What he said resonated in substance as well.  One example: My wife's a teacher.  When he declared we needed to invest in teaching art and literature and not just teach to the test, so that we could give our children not just what they need to get jobs, but what they need to become good citizens, she pumped her fist and said, "Yeahhh!"

No candidacy is perfect, but I think we stand at a historic watershed, a unique chance to make a decisive choice about our collective future.  For the first time in a long time, I have the feeling we can make real change, that we can put a leader in place who will break the mold and help steer this country back to a progressive, humanist track, who will reinvigorate the notion of people working for the common good, not just for free market "enlightened" selfishness.  It will take a lot of work from all of us.  When I saw Jim Hightower speak a few years ago, he said every generation has its epic challenge, and that we should be joyful that we have this chance to fight to make a difference.  It's easy to be cynical.  And I'm the first to admit the Chimp's administration has made me so furious, it's hard not to let that rage seep into my political discourse.  Obama offers the high road, not with blinkers on a la Kerry, but a high road with a willingness to be sufficiently pugilistic when necessary.

No candidacy is perfect, but for the last seven-plus years, we've seen the disaster unfettered and unprincipled leadership brings.  It's past time to make a change.  I'm on the bus.

Mar. 13th, 2008

[politics] Spitzer, moral authority, and the hypocritical society

Like many people, I reacted to the news of Eliott Spitzer's downfall with shock and disappointment.  Here was a guy who appeared to have a rock-solid record as a strong progressive leader with a scrappy background as a prosecutor.  The first thing that went through my mind was, "What the hell?  How could he be so stupid?"

$80,000 worth of stupid, according to the reports.

My wife observed that the call girl in question earned more in three hours than she clears in a month.  A thousand dollars an hour is a pretty good rate, I must admit.

One of the fundamental attributes necessary for a democratic government is moral authority, wherein our elected officials provide leadership by example.  Spitzer, because of the inherent hypocrisy in engaging in the very acts he once so vigorously prosecuted, threw away his moral authority to lead, and threw it away on such a profound level that his continuing in office would have been unworkably disruptive (in no small part due to the endless shrieking of Republican harpies who seek to protect us from immoral leaders who do not belong to their own party).  The difference between what Spitzer stood for and his choices to hire prostitutes offers such a stark contrast that it puts him on an extraordinarily high level of scandal.  Cue critical mass of outrage.

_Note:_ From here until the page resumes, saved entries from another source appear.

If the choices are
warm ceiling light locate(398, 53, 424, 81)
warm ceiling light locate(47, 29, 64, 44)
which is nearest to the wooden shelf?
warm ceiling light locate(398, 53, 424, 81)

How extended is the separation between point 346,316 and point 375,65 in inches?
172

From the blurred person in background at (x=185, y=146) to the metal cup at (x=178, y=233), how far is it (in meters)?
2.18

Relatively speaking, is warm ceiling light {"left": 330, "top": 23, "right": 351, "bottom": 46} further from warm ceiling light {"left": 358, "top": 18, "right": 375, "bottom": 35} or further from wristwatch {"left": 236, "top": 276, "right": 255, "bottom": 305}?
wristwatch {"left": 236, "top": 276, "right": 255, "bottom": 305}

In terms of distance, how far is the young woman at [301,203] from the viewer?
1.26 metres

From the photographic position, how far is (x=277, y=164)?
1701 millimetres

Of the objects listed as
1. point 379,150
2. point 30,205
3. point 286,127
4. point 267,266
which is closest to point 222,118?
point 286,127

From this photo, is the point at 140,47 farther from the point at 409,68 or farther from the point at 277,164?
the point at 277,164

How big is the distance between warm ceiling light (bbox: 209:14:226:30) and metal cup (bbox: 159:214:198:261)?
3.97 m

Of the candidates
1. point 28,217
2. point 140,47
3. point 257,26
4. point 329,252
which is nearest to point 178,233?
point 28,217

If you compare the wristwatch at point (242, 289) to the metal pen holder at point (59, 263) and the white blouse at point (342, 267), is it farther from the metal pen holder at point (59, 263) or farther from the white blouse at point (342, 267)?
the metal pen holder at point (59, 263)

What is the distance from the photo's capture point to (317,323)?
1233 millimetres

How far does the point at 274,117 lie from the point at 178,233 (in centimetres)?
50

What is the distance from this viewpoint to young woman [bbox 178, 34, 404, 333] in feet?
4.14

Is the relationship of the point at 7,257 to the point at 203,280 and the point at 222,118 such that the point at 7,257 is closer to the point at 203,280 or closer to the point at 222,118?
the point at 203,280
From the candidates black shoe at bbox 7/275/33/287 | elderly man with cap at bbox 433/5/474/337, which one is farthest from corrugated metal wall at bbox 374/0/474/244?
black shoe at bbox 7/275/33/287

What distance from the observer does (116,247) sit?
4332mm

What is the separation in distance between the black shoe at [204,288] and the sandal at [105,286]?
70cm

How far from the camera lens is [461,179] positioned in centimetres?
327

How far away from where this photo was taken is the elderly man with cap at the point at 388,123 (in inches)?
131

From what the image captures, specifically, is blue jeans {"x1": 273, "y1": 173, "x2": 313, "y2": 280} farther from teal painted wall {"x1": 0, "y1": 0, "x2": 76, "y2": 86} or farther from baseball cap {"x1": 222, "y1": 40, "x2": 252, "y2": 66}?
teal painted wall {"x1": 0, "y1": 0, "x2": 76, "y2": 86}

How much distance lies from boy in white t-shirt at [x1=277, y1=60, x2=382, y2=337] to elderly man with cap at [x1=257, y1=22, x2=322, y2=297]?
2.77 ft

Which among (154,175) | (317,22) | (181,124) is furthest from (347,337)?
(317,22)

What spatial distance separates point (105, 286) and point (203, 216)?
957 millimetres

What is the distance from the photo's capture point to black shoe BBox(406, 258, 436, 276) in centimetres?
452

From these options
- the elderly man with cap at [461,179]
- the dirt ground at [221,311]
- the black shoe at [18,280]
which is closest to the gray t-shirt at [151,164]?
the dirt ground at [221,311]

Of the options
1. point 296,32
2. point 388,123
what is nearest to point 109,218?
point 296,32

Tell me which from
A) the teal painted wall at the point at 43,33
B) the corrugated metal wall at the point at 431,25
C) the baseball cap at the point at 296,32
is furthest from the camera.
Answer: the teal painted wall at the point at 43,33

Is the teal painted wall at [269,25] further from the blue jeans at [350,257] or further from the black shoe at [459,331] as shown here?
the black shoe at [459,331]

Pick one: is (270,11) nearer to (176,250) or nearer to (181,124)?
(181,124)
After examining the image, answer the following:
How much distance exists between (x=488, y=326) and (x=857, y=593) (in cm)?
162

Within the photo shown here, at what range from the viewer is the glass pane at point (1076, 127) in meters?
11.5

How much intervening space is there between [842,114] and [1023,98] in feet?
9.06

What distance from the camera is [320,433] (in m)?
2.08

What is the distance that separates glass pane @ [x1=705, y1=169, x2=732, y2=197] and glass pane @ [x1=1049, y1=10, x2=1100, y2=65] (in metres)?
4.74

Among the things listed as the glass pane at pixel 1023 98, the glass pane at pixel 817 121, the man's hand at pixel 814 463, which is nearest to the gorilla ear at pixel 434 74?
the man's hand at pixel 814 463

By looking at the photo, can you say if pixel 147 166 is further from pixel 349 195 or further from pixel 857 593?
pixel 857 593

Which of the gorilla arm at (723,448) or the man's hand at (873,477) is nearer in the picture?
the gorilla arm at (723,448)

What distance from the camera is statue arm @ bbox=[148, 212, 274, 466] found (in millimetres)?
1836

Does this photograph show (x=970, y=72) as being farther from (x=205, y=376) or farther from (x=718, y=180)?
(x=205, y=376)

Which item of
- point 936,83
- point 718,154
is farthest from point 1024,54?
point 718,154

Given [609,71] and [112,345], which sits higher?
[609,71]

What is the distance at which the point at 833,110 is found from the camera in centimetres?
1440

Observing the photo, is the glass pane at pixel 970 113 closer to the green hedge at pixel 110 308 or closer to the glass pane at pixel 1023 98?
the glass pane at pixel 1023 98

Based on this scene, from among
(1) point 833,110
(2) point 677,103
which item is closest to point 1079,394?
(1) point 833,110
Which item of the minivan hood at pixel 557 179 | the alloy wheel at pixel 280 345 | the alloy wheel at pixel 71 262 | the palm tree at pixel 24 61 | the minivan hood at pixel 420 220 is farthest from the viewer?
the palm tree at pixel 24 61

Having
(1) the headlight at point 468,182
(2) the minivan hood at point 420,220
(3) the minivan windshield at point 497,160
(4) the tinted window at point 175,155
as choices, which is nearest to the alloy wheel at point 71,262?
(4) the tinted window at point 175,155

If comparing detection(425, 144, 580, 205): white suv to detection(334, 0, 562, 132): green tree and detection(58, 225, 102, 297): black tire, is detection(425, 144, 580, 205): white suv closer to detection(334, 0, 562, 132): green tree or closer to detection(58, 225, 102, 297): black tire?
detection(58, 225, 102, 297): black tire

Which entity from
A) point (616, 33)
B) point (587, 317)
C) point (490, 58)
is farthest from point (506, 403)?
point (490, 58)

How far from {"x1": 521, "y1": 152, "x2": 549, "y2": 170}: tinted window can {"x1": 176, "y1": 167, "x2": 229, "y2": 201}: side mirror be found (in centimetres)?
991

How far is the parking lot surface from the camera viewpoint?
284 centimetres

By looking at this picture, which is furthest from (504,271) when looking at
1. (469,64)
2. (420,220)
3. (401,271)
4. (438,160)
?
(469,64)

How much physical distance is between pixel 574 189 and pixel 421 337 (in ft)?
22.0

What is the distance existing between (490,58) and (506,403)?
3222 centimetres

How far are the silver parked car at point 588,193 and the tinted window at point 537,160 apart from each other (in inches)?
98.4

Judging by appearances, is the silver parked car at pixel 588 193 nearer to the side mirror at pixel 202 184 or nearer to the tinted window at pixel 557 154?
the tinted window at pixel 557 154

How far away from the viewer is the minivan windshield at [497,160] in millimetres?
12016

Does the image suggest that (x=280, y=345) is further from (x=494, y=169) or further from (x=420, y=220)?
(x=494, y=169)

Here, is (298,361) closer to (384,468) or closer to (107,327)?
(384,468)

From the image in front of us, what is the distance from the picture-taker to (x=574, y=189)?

I note that the calls for resignation of Larry Craig and David Vitter and even Mark Foley did not reach the frenzied pitch of those aimed at Spitzer this week.  Double standard, anyone?  Or maybe (since the Democrats seem to resign faster these days), Dems just hold themselves more accountable than the Republicans.  Hmmm.  Naah.

My second reaction to the news was, "Why so much effort on this sting?"  Given the very rare use of federal wiretaps in this sort of circumstance, the effort here seems...unusual.  I can't help but wonder whether politically motivated prosecution is in play, especially with the history of the current administration trying to push law enforcement pursuit of Democrats while shielding Republicans from the same standards of scrutiny.  Let's just say I view anything this administration does with the highest degree of skepticism.

Glenn Greenwald points out, quite elegantly, that how interesting it is that when two consenting adults engage in sex, but one of them pays, the act is shameful and wrong and illegal, but when two consenting adults have sex and both of them are paid, it's legal.  He does, of course, distinguish the circumstance of forced or coercive prostitution.